Since the subtype information is not used in the construction of the PSFA network and the assessment of co-phosphorylation, the identification of the Co-P modules is agnostic to the clinically determined subtypes of the samples; i.e. CoPPNet is an unsupervised method for the identification of BC-associated signaling modules. However, since the Co-P modules capture co-variation across different samples and this variation can be associated with subtypes, these modules can be informative on subtypes. Motivated by this consideration, we investigate if the phosphorylation levels of phosphosites in the identified modules can differentiate BC subtypes. The results of this analysis for the Huang et al. dataset are shown in Figure 3 and Supplementary Figure S1. Subtype-specific differential phosphorylation of Co-P modules identified on the Mertin et al. dataset are presented in Supplementary Figure S2.

Fig. 3.

Fig. 3.

The phosphorylation sites in top Co-P modules identified in Huang et al. via unsupervised analysis are associated with BC subtypes. The fold change of the phosphosites in each module are sorted in increasing order of average relative phosphorylation in Luminal samples (purple) with respect to the common reference. The green bars represent the average fold change of phosphorylation in Basal samples. (Color version of this figure is available at Bioinformatics online.)

As seen in Figure 3, top significant Co-P module identified on the Huang et al. dataset is highly enriched in phosphosites with significant differential phosphorylation between Luminal and Basal subtypes. There are 14 phosphosites in the top Huang et al. module with significant differential phosphorylation between Luminal and Basal subtypes (P < 0.05). Eight (DPF2-T176, THRAP3-T874, TERF2-S365, EIF4A3-T163, SETDB1-S1066, TCOF1-S982, PRPF31-S451, PML-S518) out of 14 of these sites are hyper-phosphorylated in Basal samples and de-phosphorylated in Luminal samples. For some of the proteins harboring these sites, the differentiation between BC subtypes also has been captured at the level of mRNA expression. For example, PML (promyelocytic leukemia) and SETDB1 (SET Domain Bifurcated 1) are significantly up-regulated in Basal cancers as compared to Luminal cancers, and their expression is related to the survival rate of the patients (Carracedo et al., 2012; Jiang et al., 2016). We have also compared the relative phosphorylation levels of the sites in the identified modules (Luminal versus Basal) between the Huang et al. and Mertin et al. datasets. For module 1, the Pearson, Spearman and biweight mid-correlation between the relative phosphorylation levels of the sites across the two datasets are, respectively, 0.37 (P < 0.004), 0.37 (P <0.003) and 0.39 (P <0.005). For module 2, the Pearson, Spearman and biweight mid-correlation between the relative phosphorylation levels of the sites across the two datasets are, respectively, 0.03 (P <0.41), 0.41 (P <0.01) and 0.25(P <0.01). The result of this analysis is presented in Supplementary Figure S3.

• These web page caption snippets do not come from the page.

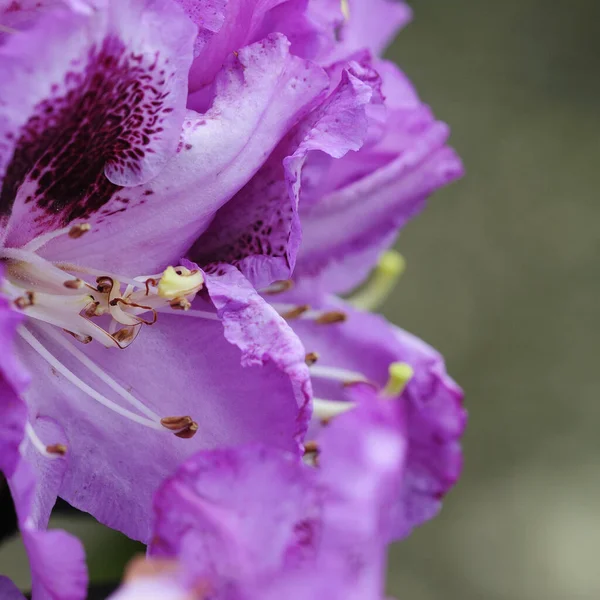 カンデラ花びら植物 — ストック写真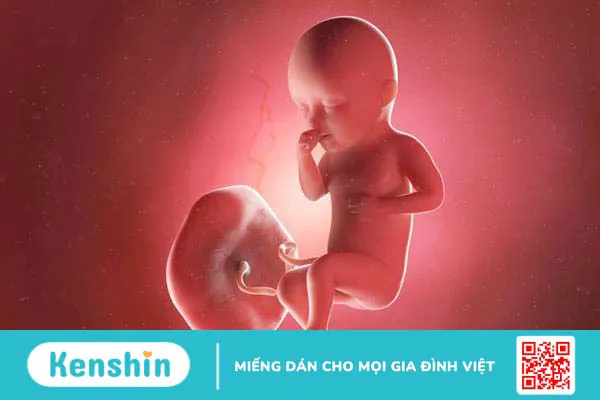 Chi tiết 6 nhóm nguyên nhân sinh non mẹ cần biết để ngăn ngừa rủi ro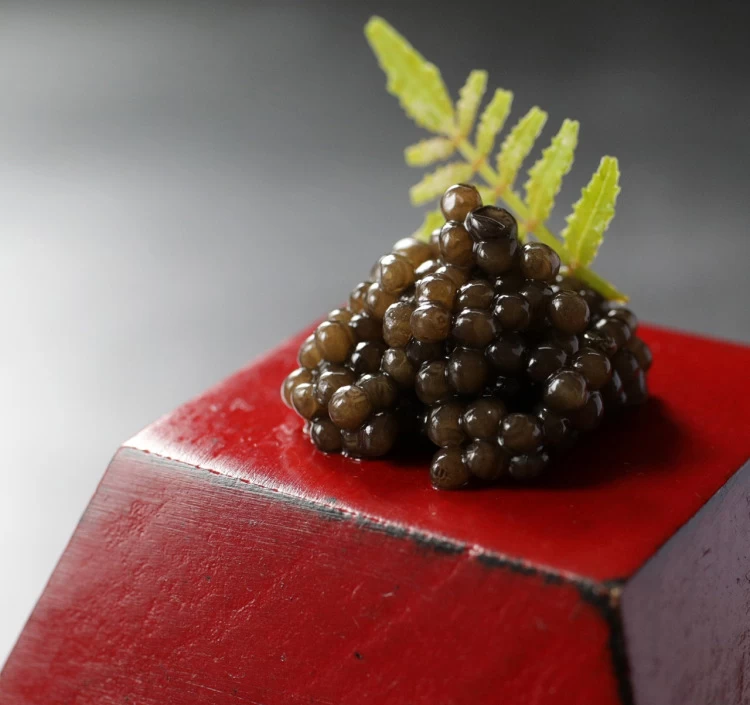 【盃 Sakazuki Caviar(サカズキキャビア)】玉櫻酒造仕立て 10g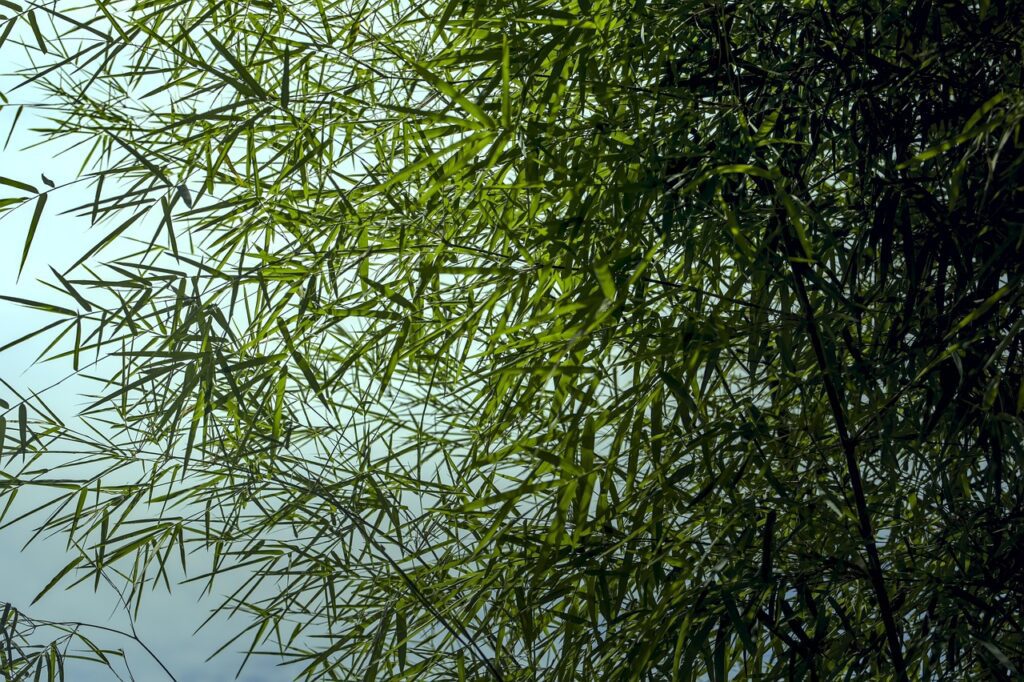 Bamboo foliage in wild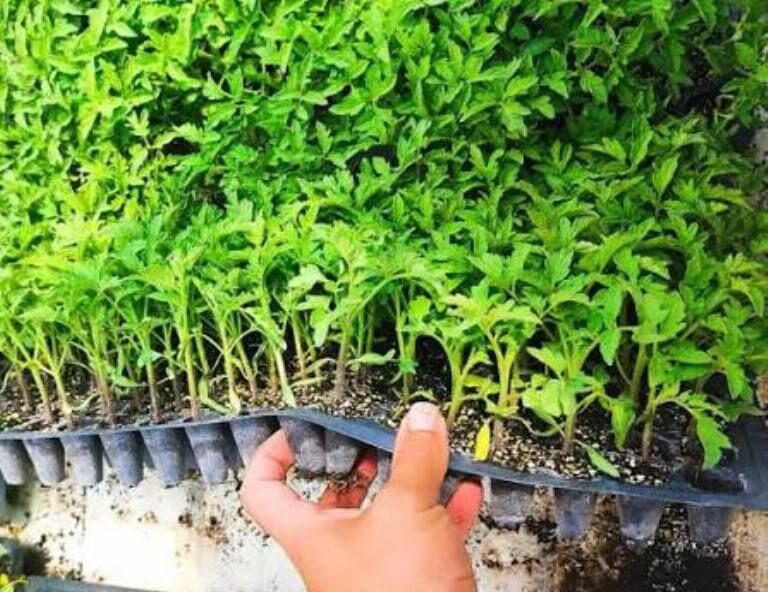 تولید نشای گوجهفرنگی در گلخانههای استان بوشهر آغاز شد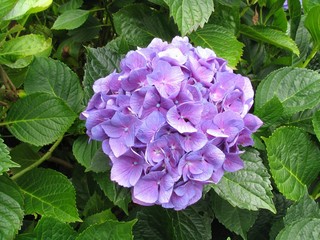   hortensia violet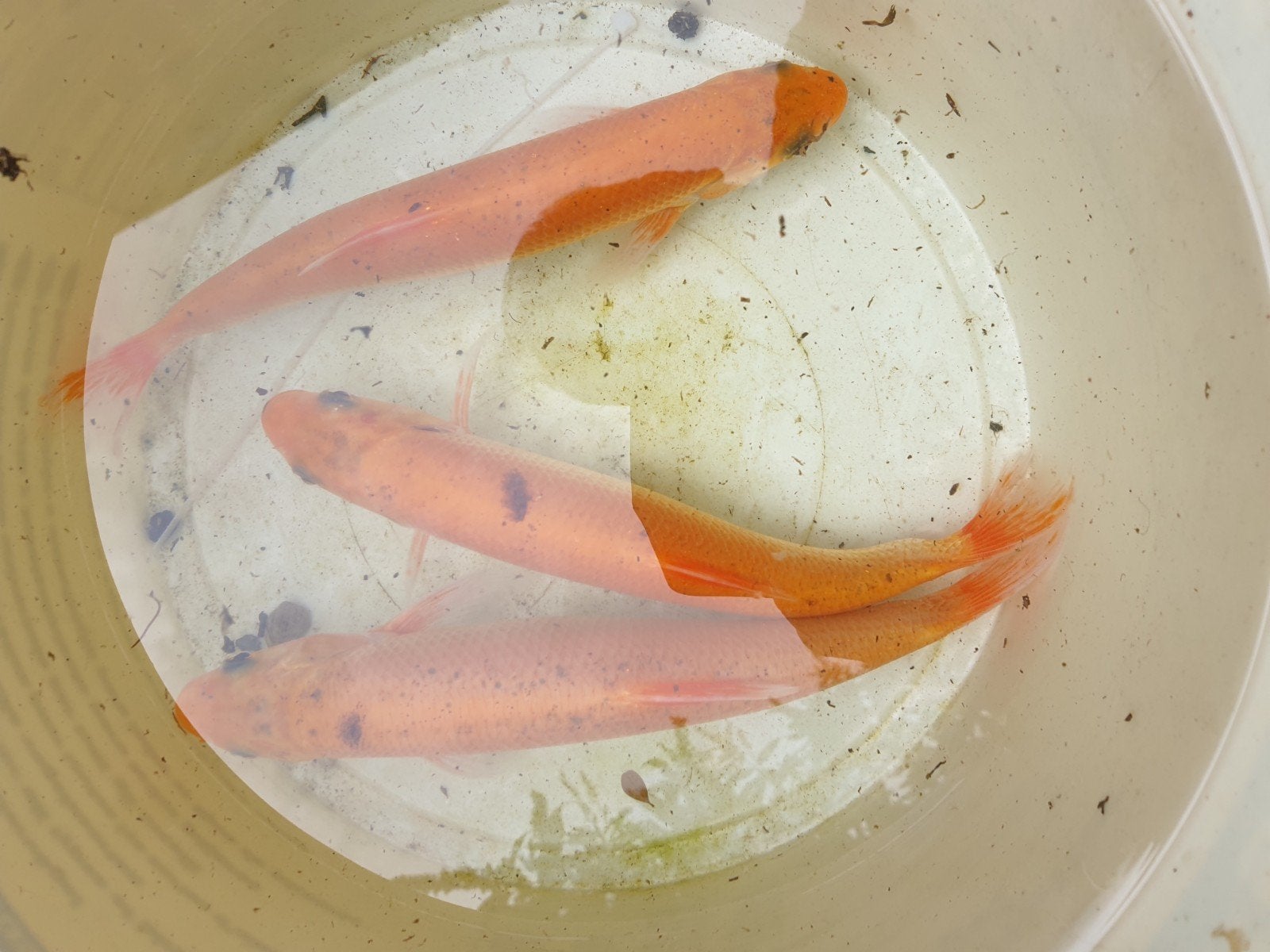 3 Windd 20 cm zeker, Dieren en Toebehoren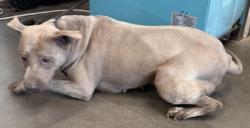 Shelter Stray Female Dog last seen , West Valley Animal Shelter, 20655 Plummer St, Chatsworth, CA 91311, USA
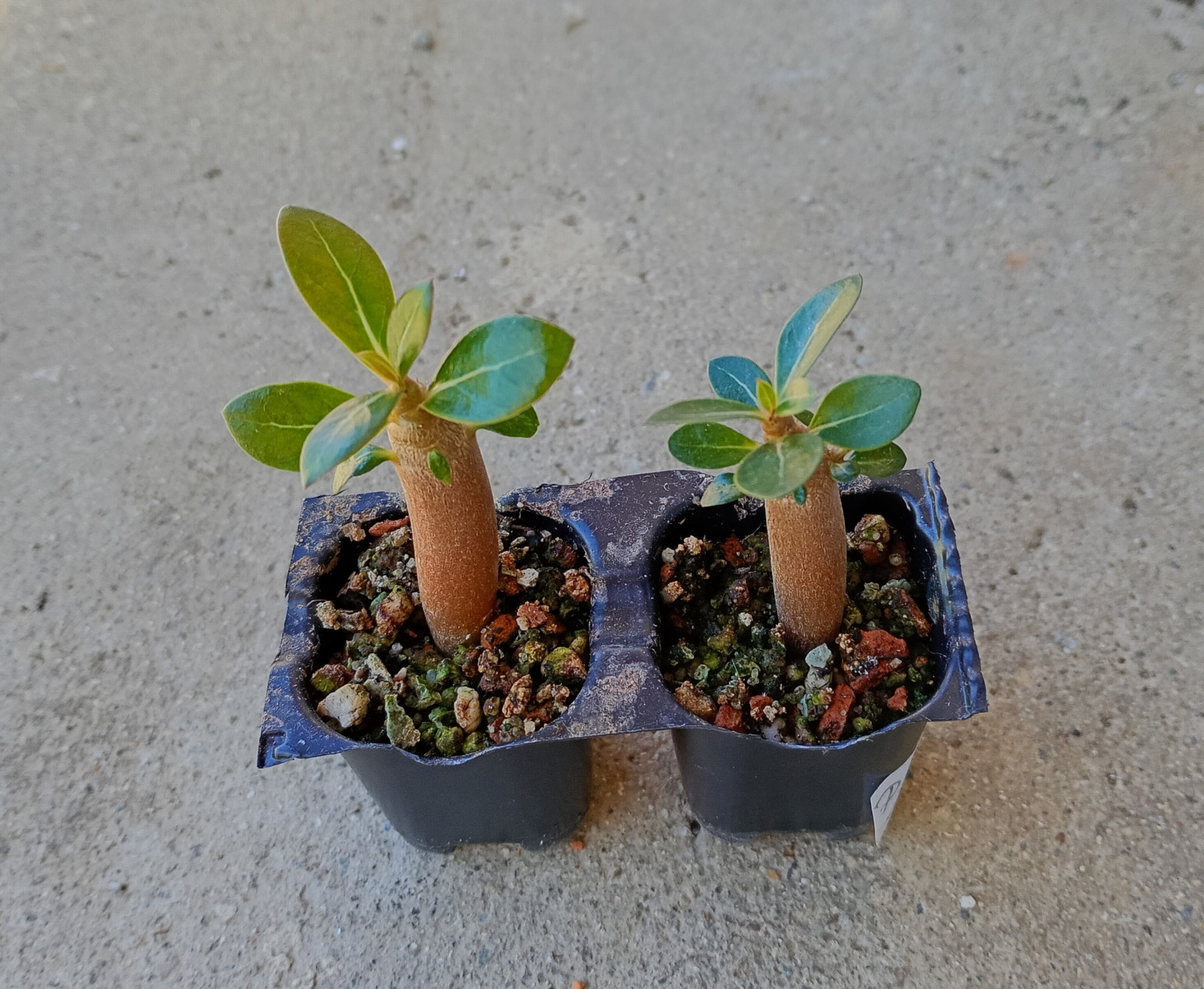 Adenium obesum "Double Candle Light"- semenáč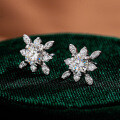 S925 Silver Moissanite Stud Earrings, Star Queen Source Factory Wholesale-0-0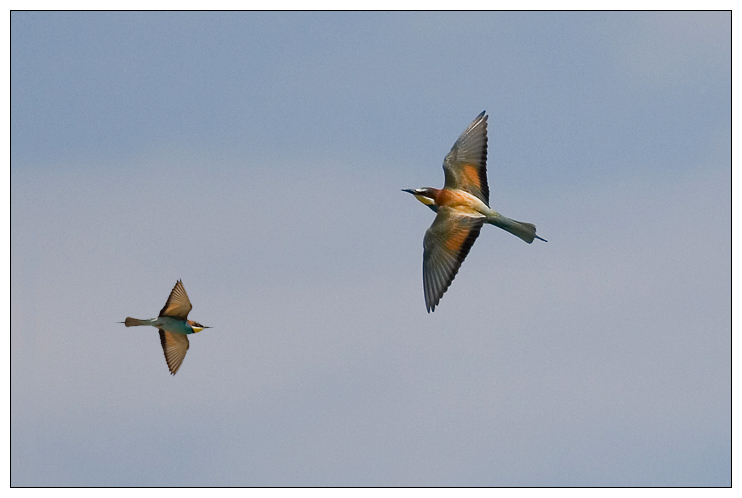 photo "Merops" tags: nature, wild animals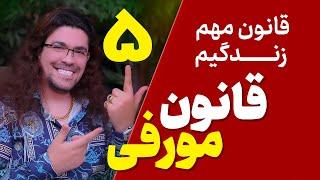 قانون مورفی چیست ؟| 5قانونی که اگر استفاده شون نکنی هرگز به موفقیت نمیرسی| 5 قانون آدام مرادی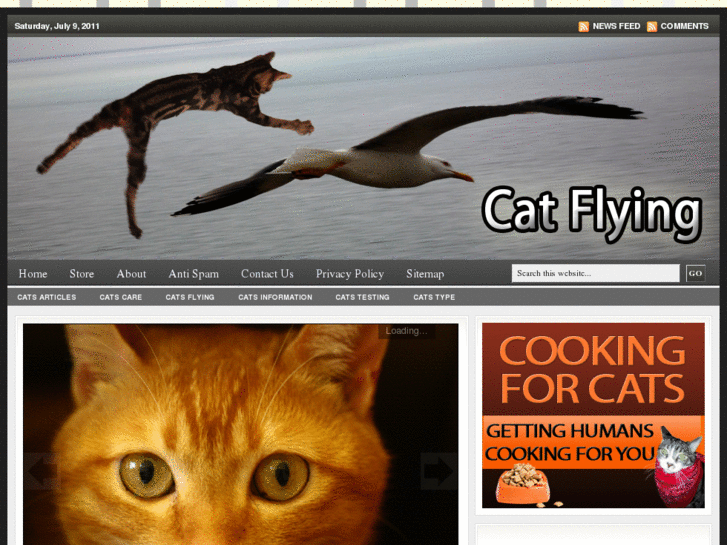 www.catflying.com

3.4 Using co-phosphorylation modules for subtype prediction

To investigate how the modules can distinguish the subtypes, we use the Co-P modules identified by CoPPNet as features for predicting subtypes on a different dataset. In this analysis, we train a SVM-based classifier for predicting subtypes using the Huang et al. dataset as training data. We then test the performance of this classifier on the Mertin et al. dataset. For this analysis, for all models that were considered, we restricted the analysis to the sites that were identified in both datasets.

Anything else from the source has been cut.